Wednesday, August 3, 2011

finally, something i can eat!

i have had a series of bad baking lately.

i was baking brownies on sunday night when the power went out 20 minutes in on a 45 minute bake.
power came back on 2 1/2 hours later. finished baking the brownies to no avail. the middle was soup. what a waste!

made cupcakes monday night, i am persistant, but i was short 1 egg, so i had to use egg beaters instead. they were not good. dog wouldn't even eat them. threw them out. what a tragedy!!

so tonight, i pull out some crescent rolls and the nutella and the third time is the charm. the power stayed on the rolls stuffed with nutella came out perfectly. life is good again!!!

A frenzied day

i strongly dislike days like today.. everything was going smoothly and quietly, then something at work breaks. and now it is rush, rush, rush. i don't handle stress like that well. but i did alot of deep breathing and managed to get through it. but it did make me cranky.

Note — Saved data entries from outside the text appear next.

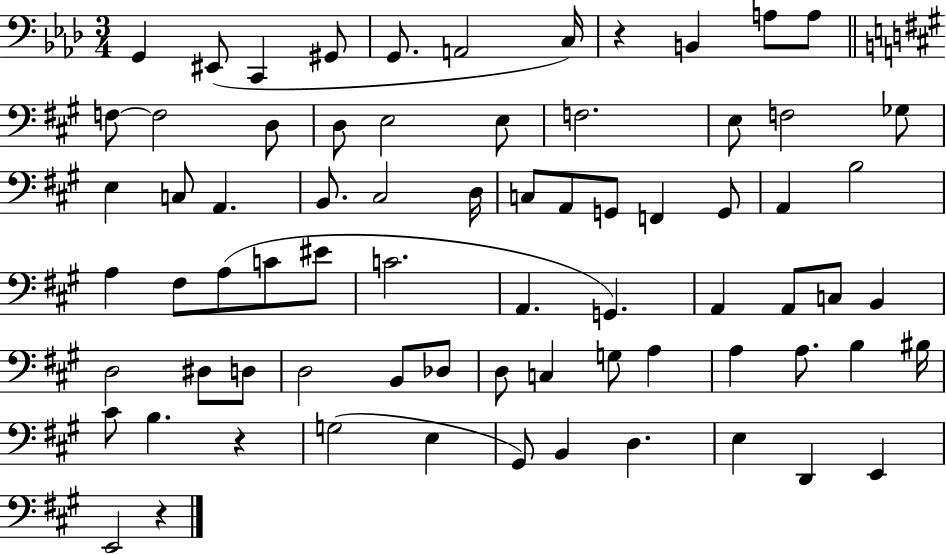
X:1
T:Untitled
M:3/4
L:1/4
K:Ab
G,, ^E,,/2 C,, ^G,,/2 G,,/2 A,,2 C,/4 z B,, A,/2 A,/2 F,/2 F,2 D,/2 D,/2 E,2 E,/2 F,2 E,/2 F,2 _G,/2 E, C,/2 A,, B,,/2 ^C,2 D,/4 C,/2 A,,/2 G,,/2 F,, G,,/2 A,, B,2 A, ^F,/2 A,/2 C/2 ^E/2 C2 A,, G,, A,, A,,/2 C,/2 B,, D,2 ^D,/2 D,/2 D,2 B,,/2 _D,/2 D,/2 C, G,/2 A, A, A,/2 B, ^B,/4 ^C/2 B, z G,2 E, ^G,,/2 B,, D, E, D,, E,, E,,2 z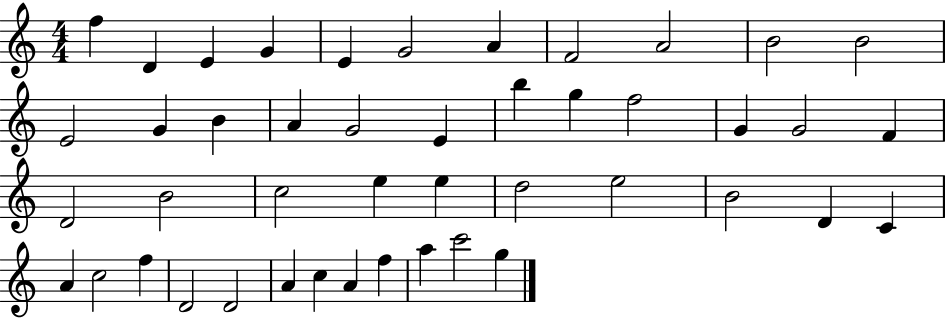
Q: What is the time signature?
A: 4/4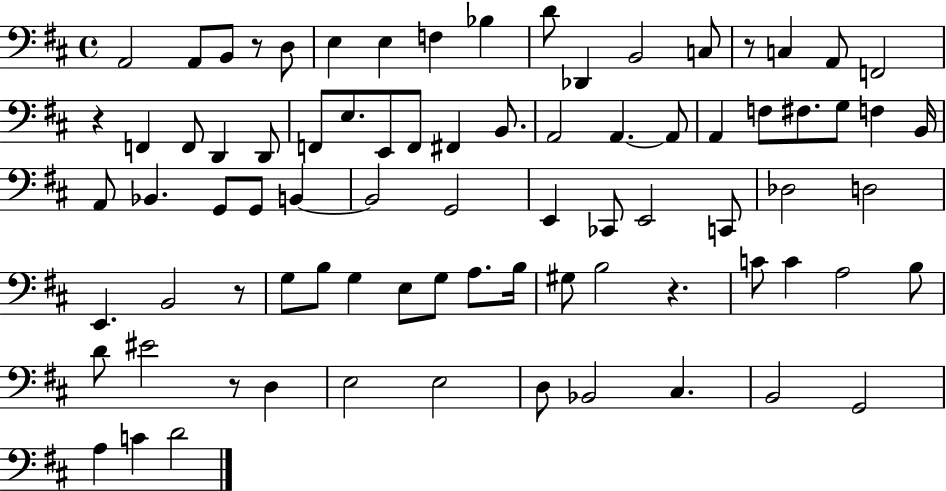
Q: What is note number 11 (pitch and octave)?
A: B2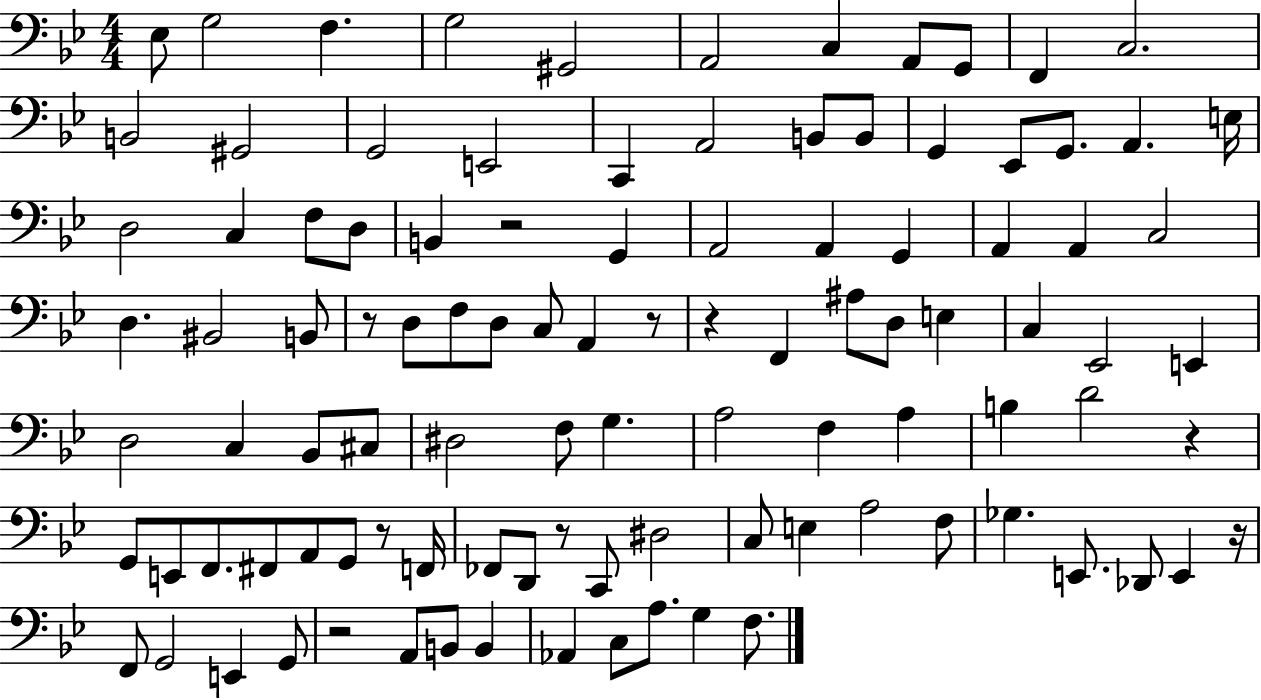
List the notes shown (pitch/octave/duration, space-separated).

Eb3/e G3/h F3/q. G3/h G#2/h A2/h C3/q A2/e G2/e F2/q C3/h. B2/h G#2/h G2/h E2/h C2/q A2/h B2/e B2/e G2/q Eb2/e G2/e. A2/q. E3/s D3/h C3/q F3/e D3/e B2/q R/h G2/q A2/h A2/q G2/q A2/q A2/q C3/h D3/q. BIS2/h B2/e R/e D3/e F3/e D3/e C3/e A2/q R/e R/q F2/q A#3/e D3/e E3/q C3/q Eb2/h E2/q D3/h C3/q Bb2/e C#3/e D#3/h F3/e G3/q. A3/h F3/q A3/q B3/q D4/h R/q G2/e E2/e F2/e. F#2/e A2/e G2/e R/e F2/s FES2/e D2/e R/e C2/e D#3/h C3/e E3/q A3/h F3/e Gb3/q. E2/e. Db2/e E2/q R/s F2/e G2/h E2/q G2/e R/h A2/e B2/e B2/q Ab2/q C3/e A3/e. G3/q F3/e.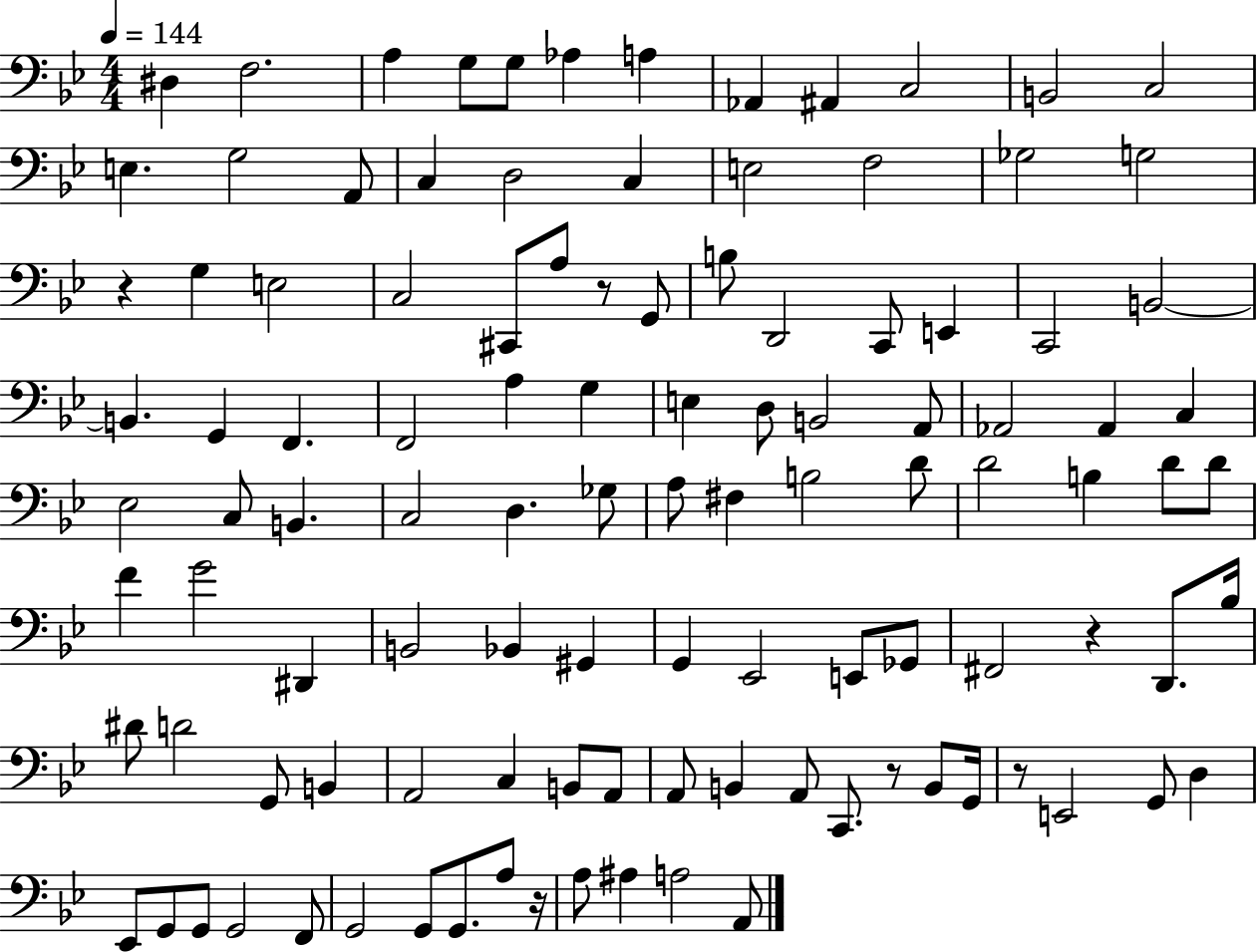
X:1
T:Untitled
M:4/4
L:1/4
K:Bb
^D, F,2 A, G,/2 G,/2 _A, A, _A,, ^A,, C,2 B,,2 C,2 E, G,2 A,,/2 C, D,2 C, E,2 F,2 _G,2 G,2 z G, E,2 C,2 ^C,,/2 A,/2 z/2 G,,/2 B,/2 D,,2 C,,/2 E,, C,,2 B,,2 B,, G,, F,, F,,2 A, G, E, D,/2 B,,2 A,,/2 _A,,2 _A,, C, _E,2 C,/2 B,, C,2 D, _G,/2 A,/2 ^F, B,2 D/2 D2 B, D/2 D/2 F G2 ^D,, B,,2 _B,, ^G,, G,, _E,,2 E,,/2 _G,,/2 ^F,,2 z D,,/2 _B,/4 ^D/2 D2 G,,/2 B,, A,,2 C, B,,/2 A,,/2 A,,/2 B,, A,,/2 C,,/2 z/2 B,,/2 G,,/4 z/2 E,,2 G,,/2 D, _E,,/2 G,,/2 G,,/2 G,,2 F,,/2 G,,2 G,,/2 G,,/2 A,/2 z/4 A,/2 ^A, A,2 A,,/2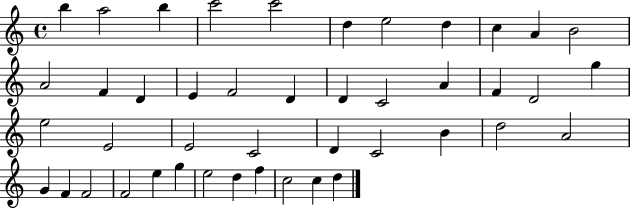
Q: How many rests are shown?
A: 0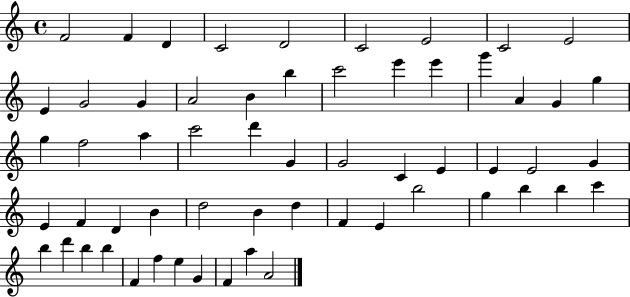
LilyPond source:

{
  \clef treble
  \time 4/4
  \defaultTimeSignature
  \key c \major
  f'2 f'4 d'4 | c'2 d'2 | c'2 e'2 | c'2 e'2 | \break e'4 g'2 g'4 | a'2 b'4 b''4 | c'''2 e'''4 e'''4 | g'''4 a'4 g'4 g''4 | \break g''4 f''2 a''4 | c'''2 d'''4 g'4 | g'2 c'4 e'4 | e'4 e'2 g'4 | \break e'4 f'4 d'4 b'4 | d''2 b'4 d''4 | f'4 e'4 b''2 | g''4 b''4 b''4 c'''4 | \break b''4 d'''4 b''4 b''4 | f'4 f''4 e''4 g'4 | f'4 a''4 a'2 | \bar "|."
}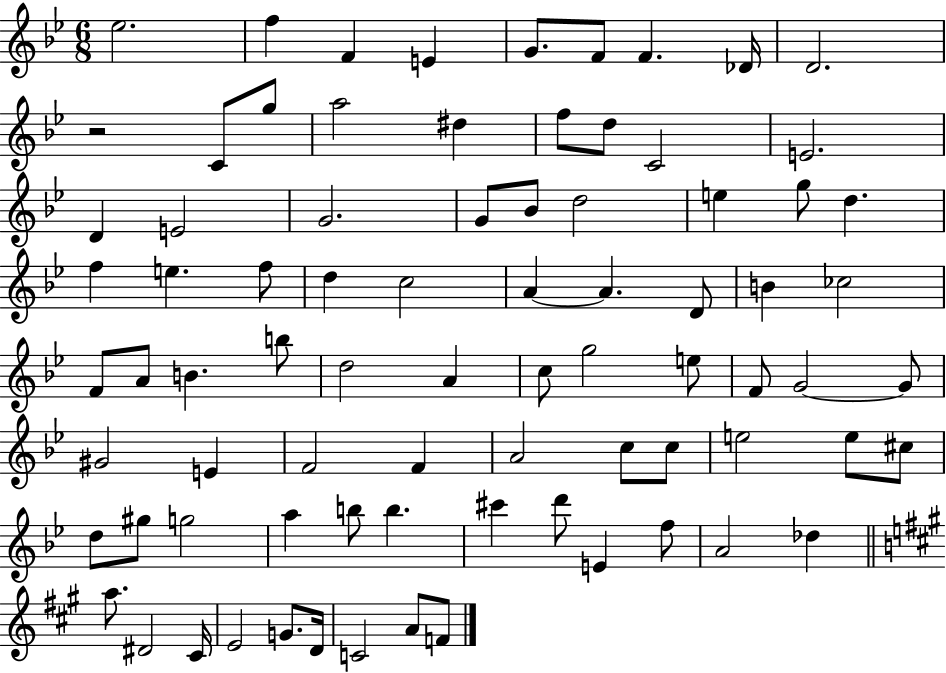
{
  \clef treble
  \numericTimeSignature
  \time 6/8
  \key bes \major
  ees''2. | f''4 f'4 e'4 | g'8. f'8 f'4. des'16 | d'2. | \break r2 c'8 g''8 | a''2 dis''4 | f''8 d''8 c'2 | e'2. | \break d'4 e'2 | g'2. | g'8 bes'8 d''2 | e''4 g''8 d''4. | \break f''4 e''4. f''8 | d''4 c''2 | a'4~~ a'4. d'8 | b'4 ces''2 | \break f'8 a'8 b'4. b''8 | d''2 a'4 | c''8 g''2 e''8 | f'8 g'2~~ g'8 | \break gis'2 e'4 | f'2 f'4 | a'2 c''8 c''8 | e''2 e''8 cis''8 | \break d''8 gis''8 g''2 | a''4 b''8 b''4. | cis'''4 d'''8 e'4 f''8 | a'2 des''4 | \break \bar "||" \break \key a \major a''8. dis'2 cis'16 | e'2 g'8. d'16 | c'2 a'8 f'8 | \bar "|."
}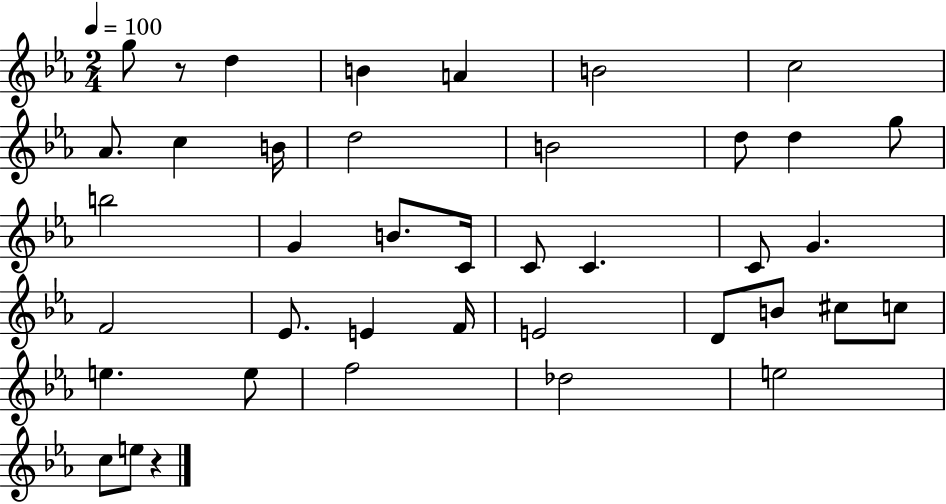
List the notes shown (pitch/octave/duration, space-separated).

G5/e R/e D5/q B4/q A4/q B4/h C5/h Ab4/e. C5/q B4/s D5/h B4/h D5/e D5/q G5/e B5/h G4/q B4/e. C4/s C4/e C4/q. C4/e G4/q. F4/h Eb4/e. E4/q F4/s E4/h D4/e B4/e C#5/e C5/e E5/q. E5/e F5/h Db5/h E5/h C5/e E5/e R/q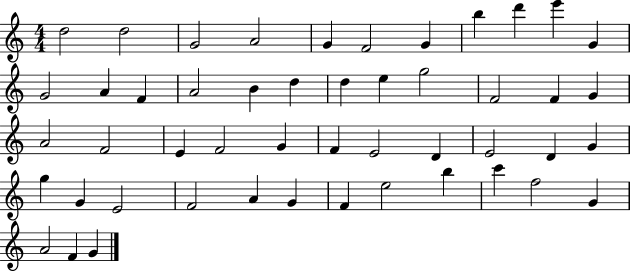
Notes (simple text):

D5/h D5/h G4/h A4/h G4/q F4/h G4/q B5/q D6/q E6/q G4/q G4/h A4/q F4/q A4/h B4/q D5/q D5/q E5/q G5/h F4/h F4/q G4/q A4/h F4/h E4/q F4/h G4/q F4/q E4/h D4/q E4/h D4/q G4/q G5/q G4/q E4/h F4/h A4/q G4/q F4/q E5/h B5/q C6/q F5/h G4/q A4/h F4/q G4/q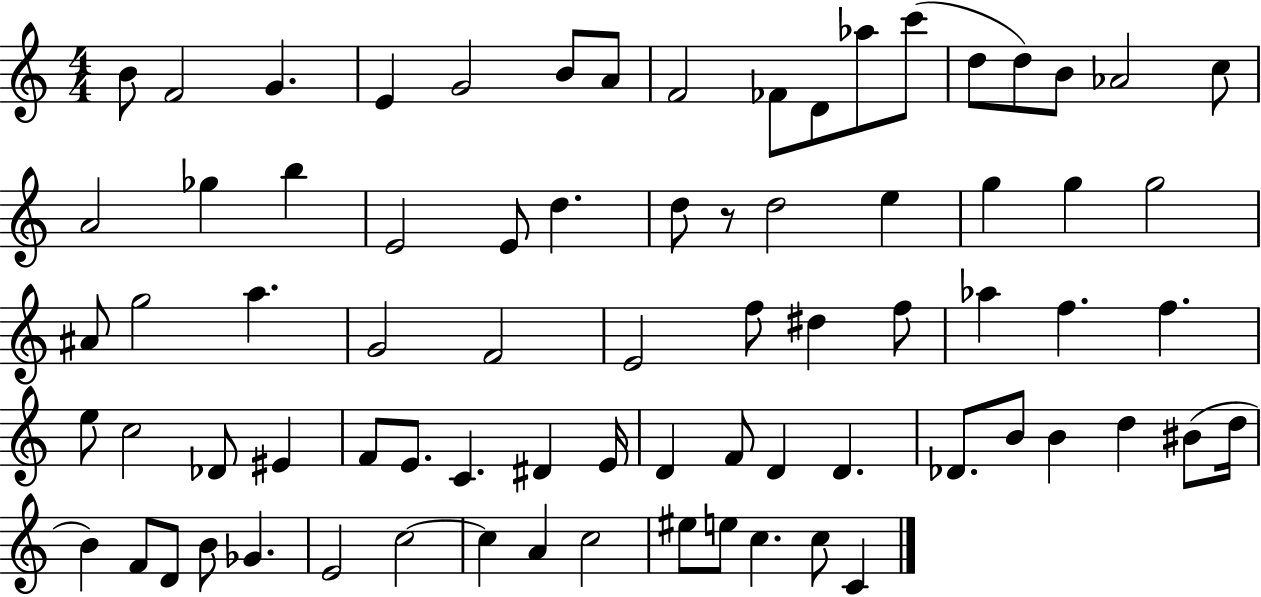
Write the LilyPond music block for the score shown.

{
  \clef treble
  \numericTimeSignature
  \time 4/4
  \key c \major
  b'8 f'2 g'4. | e'4 g'2 b'8 a'8 | f'2 fes'8 d'8 aes''8 c'''8( | d''8 d''8) b'8 aes'2 c''8 | \break a'2 ges''4 b''4 | e'2 e'8 d''4. | d''8 r8 d''2 e''4 | g''4 g''4 g''2 | \break ais'8 g''2 a''4. | g'2 f'2 | e'2 f''8 dis''4 f''8 | aes''4 f''4. f''4. | \break e''8 c''2 des'8 eis'4 | f'8 e'8. c'4. dis'4 e'16 | d'4 f'8 d'4 d'4. | des'8. b'8 b'4 d''4 bis'8( d''16 | \break b'4) f'8 d'8 b'8 ges'4. | e'2 c''2~~ | c''4 a'4 c''2 | eis''8 e''8 c''4. c''8 c'4 | \break \bar "|."
}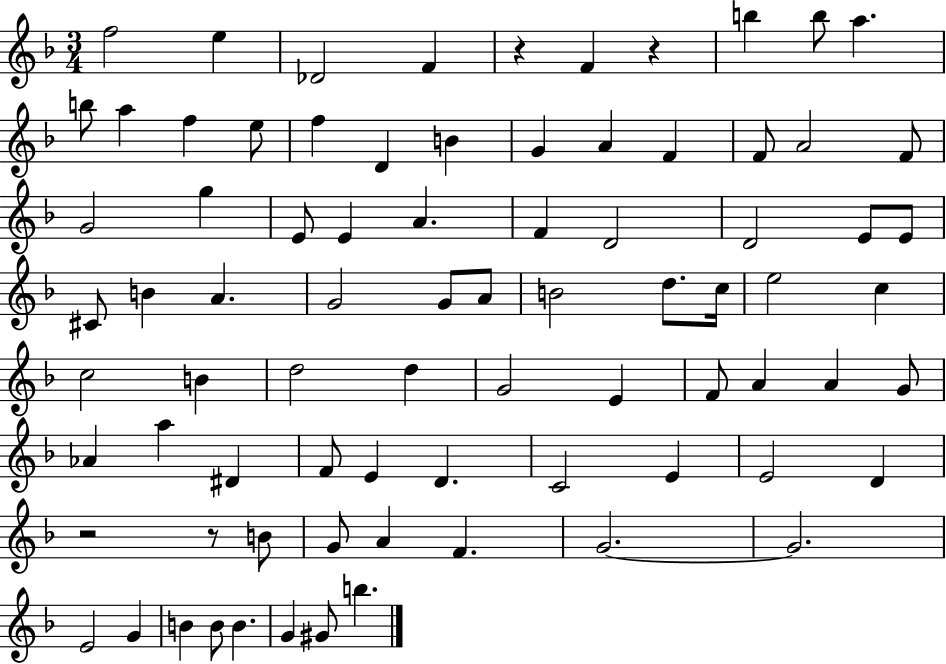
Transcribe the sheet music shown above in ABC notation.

X:1
T:Untitled
M:3/4
L:1/4
K:F
f2 e _D2 F z F z b b/2 a b/2 a f e/2 f D B G A F F/2 A2 F/2 G2 g E/2 E A F D2 D2 E/2 E/2 ^C/2 B A G2 G/2 A/2 B2 d/2 c/4 e2 c c2 B d2 d G2 E F/2 A A G/2 _A a ^D F/2 E D C2 E E2 D z2 z/2 B/2 G/2 A F G2 G2 E2 G B B/2 B G ^G/2 b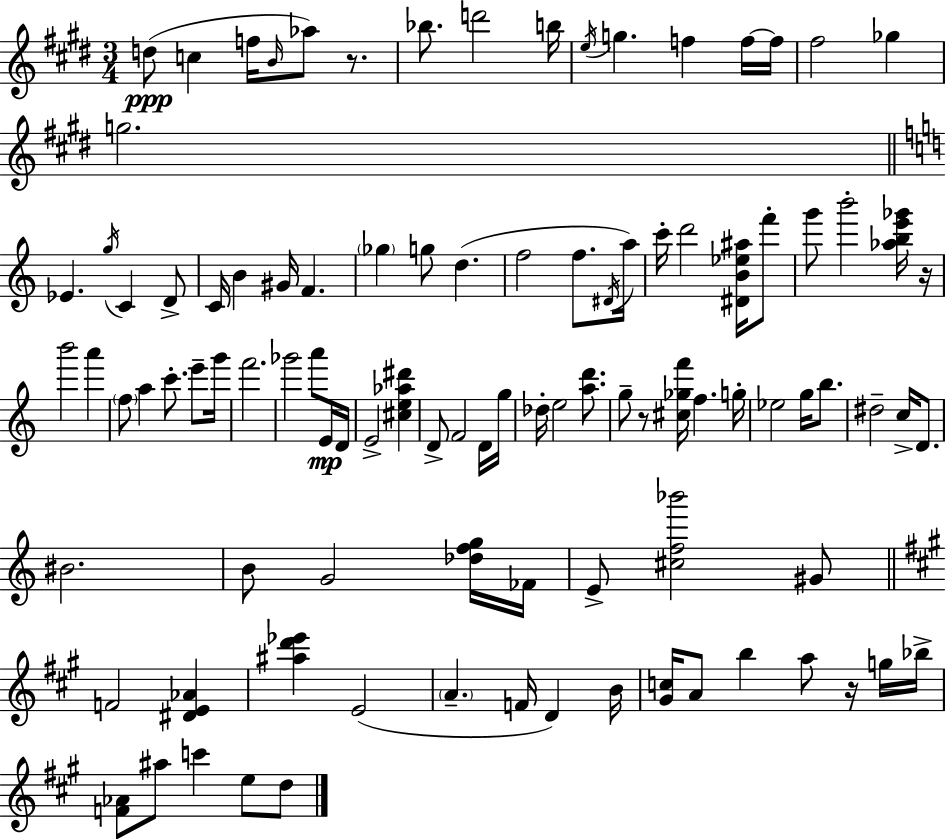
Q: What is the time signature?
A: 3/4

i looked up tri-polar on the internet, it's a combo of bi-polar and borderline personality disorder, which i do have both.
out of the 15 signs/symptoms they listed, i go through 12 of them on a regular basis. but to me that is just life and status quo.

i'd go back to the shrink if i could afford it, but my insurance barely cover's mental health. it is too expensive to be mentally ill today. so i'm stopping right now because i just can't afford it. where's the off switch???

i wish it was that easy.

i am swinging low right now. feeling down about myself. feeling lonely, unloved, empty, and just totally bummed. yesterday i did not feel this way. i think it is because i'm tired. work was crazy and that makes me tired. and when i get tired i can't cope with anything.

so i think i'll just read some scriptures from the book of Job and go to bed early. tomorrow is another day, and i hope it is a better day.

Monday, August 1, 2011

Kitties everywhere!

i could not get sophie to come in this morning. when i took her for her 9am walk i found out why, kittens!!!!

it took all my strength to keep her from them. the momma (a calico) and the poppa (tiger yellow striped) watched me and the dog very carefully from under my neighbor's boat.

they had the kittens under my other neighbor's trailer, not so smart, since he moves that for work. he had to have seen them this morning, but he's not an animal person, so he probably ignored them.

i was afraid to touch the kittens, i know sometimes if a human touches them the mother will abandon them. it's been an hour now and i looked out the window and 3 out of the 5 have been moved. i did go out and move the remaining two from out of the hot sun to under the boat. i hope the momma cat moves them. i think they are approx. 2-3 weeks old, the eyes are open, still blue, and the ears aren't fully up yet. they can move around but just a little.

sophie the puggle is keeping a very close eye on the situation. she is a no nonsense dog when it comes to those kitty cats.